A coalition of Garfield County residents wants to create an open space program funded by a new countywide sales tax.
The group, the Garfield Legacy Project, is aiming to place the new tax on the November ballot.
Formed in 2009 with funding from a state conservation grant, they have been gauging support for the idea and attempting to spread the word about potential benefits of an open space program.
“Our hope is to get the program put together, get it voted on, and get it passed in November,” said Mary Noone, co-chair of the Legacy Project.
They are eying an additional quarter-penny sales tax, which they estimate would produce $2.5 million in annual revenue. A sales tax may be more popular with voters than a property tax, Noone said, citing statistics that show non-Garfield County residents pay a majority of the county sales tax when they visit or are passing through.
The county commissioners would have to clear the question to go on the ballot. The Legacy Project is now polling residents on their support of the idea. They’re hoping poll results will be strong enough to sway the commissioners to put a tax question to voters.
Commissioners have expressed interest in seeing polling data on the sales tax. Noone said they plan to present results from the poll to the board this summer.
Commissioner Tom Jankovsky said he would support putting the item on the ballot if the polls showed support above “60 to 65 percent.” But the commissioner was unsure whether he would vote for any new taxes this fall.

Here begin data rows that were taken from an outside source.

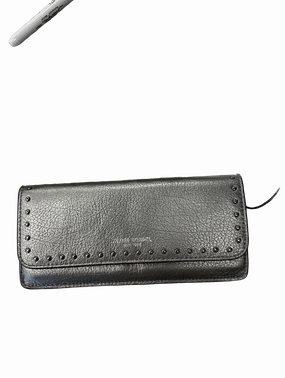 Wallet Designer By Henri Bendel  Size: Medium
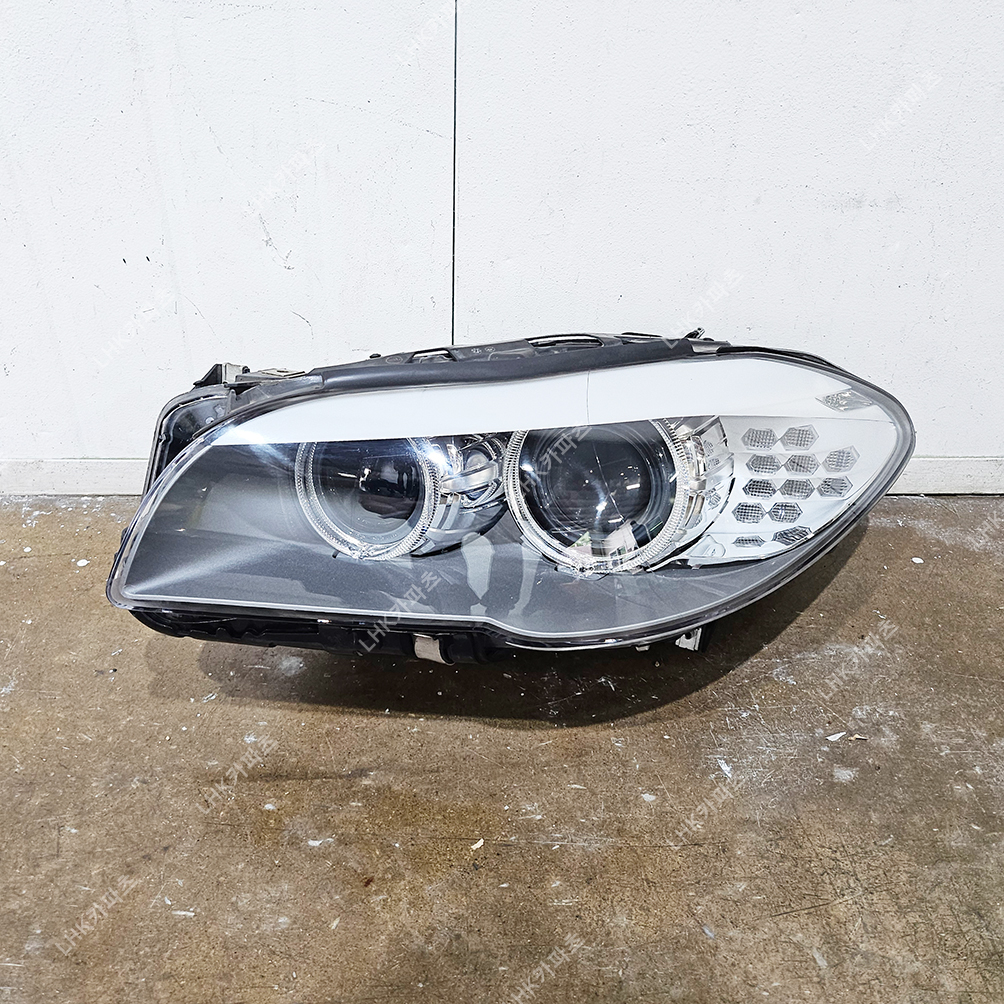 BMW 5시리즈 F10 전기 라이트 수입차중고부품 09-13
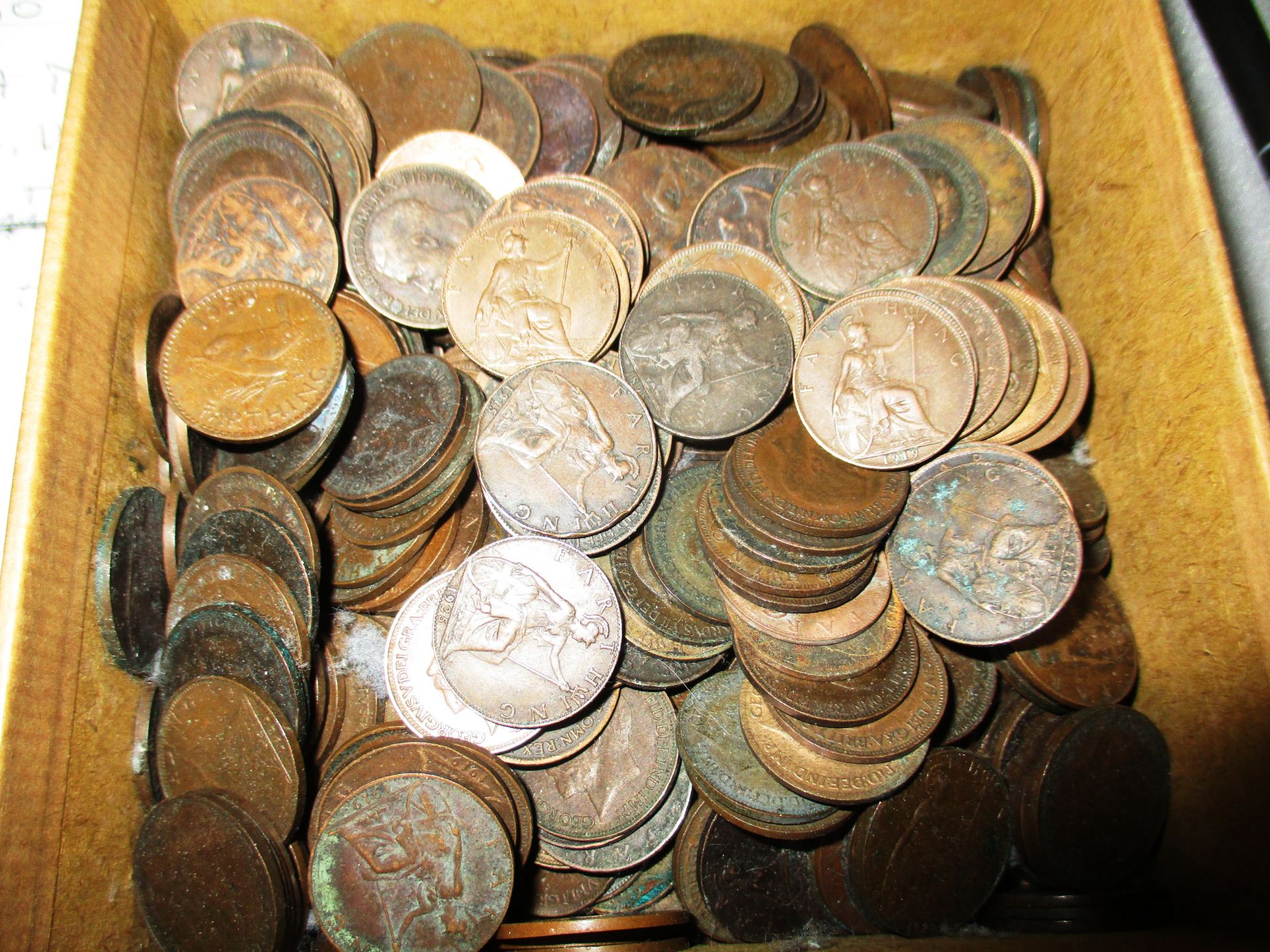 Contents to small box - approximately 450 [1280g] Britannia type farthings, Victoria Bunhead to Geo.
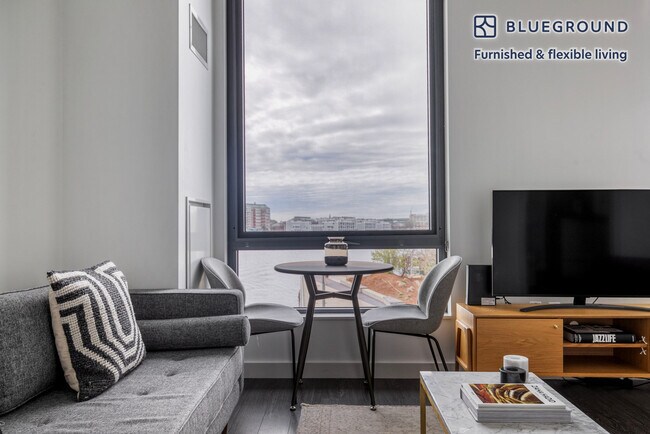 10 New St unit FL2-ID1054, Boston, MA 02128 - photo 4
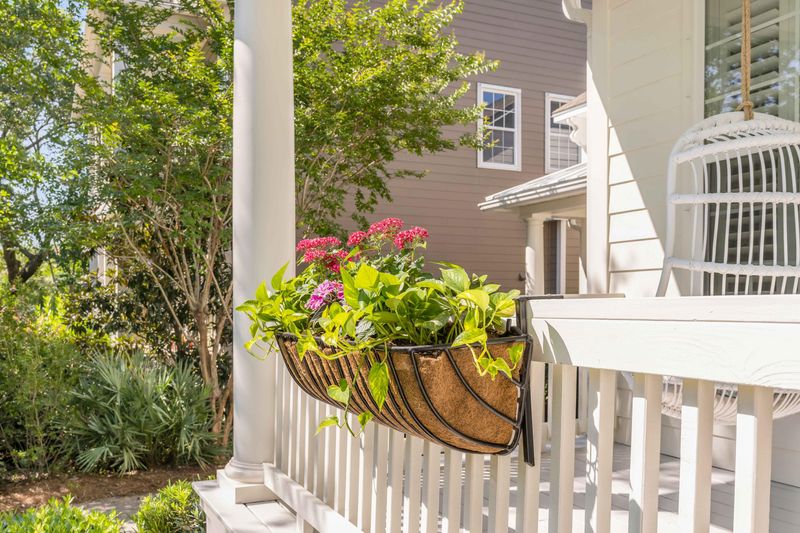 8025 Gibbon St, Daniel Island, SC 29492
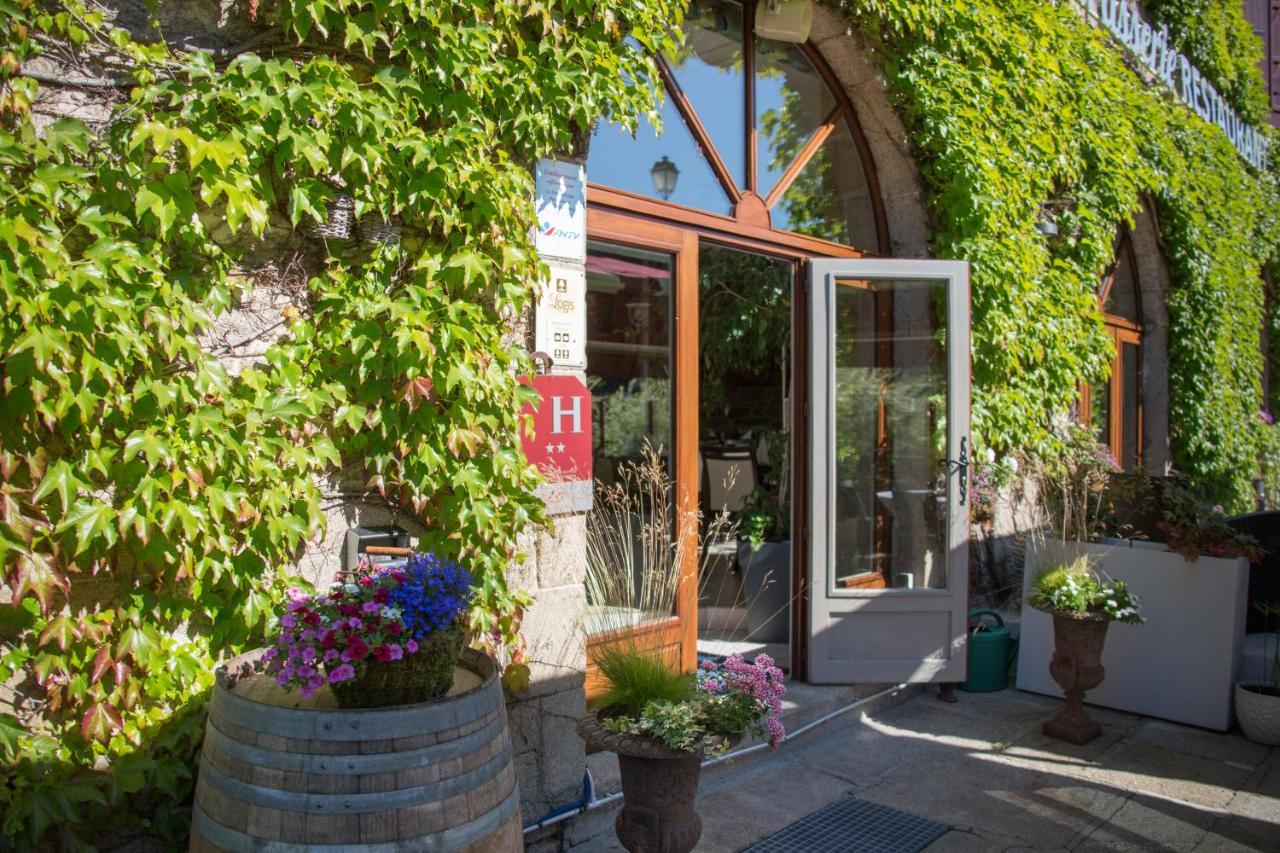 Logis Hotel Restaurant La Brasserie Treignac Екстериор снимка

“It’s a real tough time to get any kind of tax approved,” he said. “I don’t know if I’m a supporter or not, but I would be open to putting it on the ballot.”
Jankovsky also noted that Garfield County voters have twice rejected an open space tax. The last time it was on the ballot was 2001, with an initiative that would have created a special taxing district.
“This is a very conservative county,” he said.
Legacy Project leaders conducted a previous poll in 2010, which showed lukewarm support for the idea. They backed off of the ballot campaign then, and decided to focus on raising public awareness of conservation issues in the 3,000-square-mile county.
Noone said they wanted to wait until the local economy improved, along with sentiment for new taxes.
“We’ve turned a big corner, I feel,” Noone said of local consumer confidence.
They’ve been focusing their open space outreach on issues of water quality, ranching, wildlife, habitat protection and increasing outdoor recreation opportunities.
Recent outreach efforts have included meetings with recreation groups, including ATV riders.
It’s a less tax-friendly constituency than the upper Roaring Fork Valley, where Pitkin County voters have overwhelmingly supported an open space property tax since 1990. It has given the county a veritable war chest of conservation funds to often buy properties outright. The property tax is expected to generate about $10.4 million this year.
“Garfield County is very different from Pitkin County,” Noone said. “A property tax would not work down here.”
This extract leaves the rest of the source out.